Recorded data
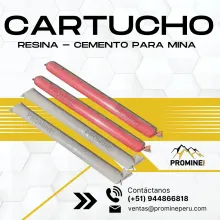 CARTUCHO DE CEMENTO Y RESINA OPERACION EN MINA LIMA 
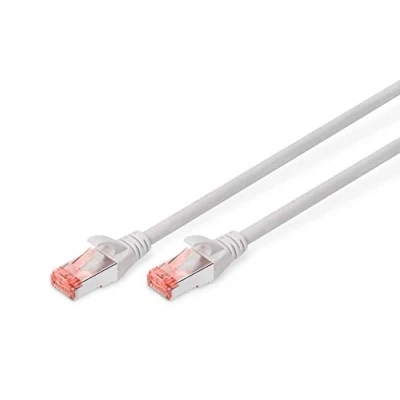 Afbeelding van Digitus DK 1644 200 RJ45 Netwerkkabel, patchkabel CAT 6 S/FTP 20.00 m Grijs Halogeenvrij, Verdraaide paren, Snagless, Vlambestendig 1 stuk(s)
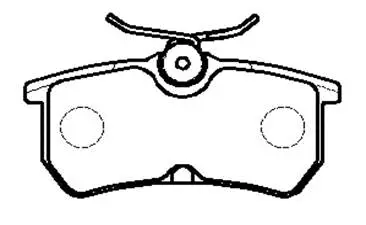 Brake Pad Set, disc brake (HP9515)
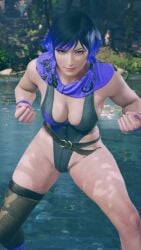 1girls big_breasts cleavage female female_only omegaxsmash reina_mishima tekken tekken_8 thick_thighs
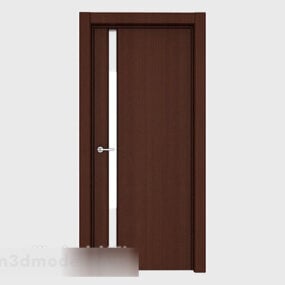 Mô hình 3d cửa phòng màu nâu hiện đại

== ABOUT THIS EXERCISE ==
A verbatim copy is needed of the lines running from the line with "1girls big_breasts cleavage" to the end of the data above, both included. Keep the pictures out of it.

== ANSWER AREA ==
 1girls big_breasts cleavage female female_only omegaxsmash reina_mishima tekken tekken_8 thick_thighs
 Mô hình 3d cửa phòng màu nâu hiện đại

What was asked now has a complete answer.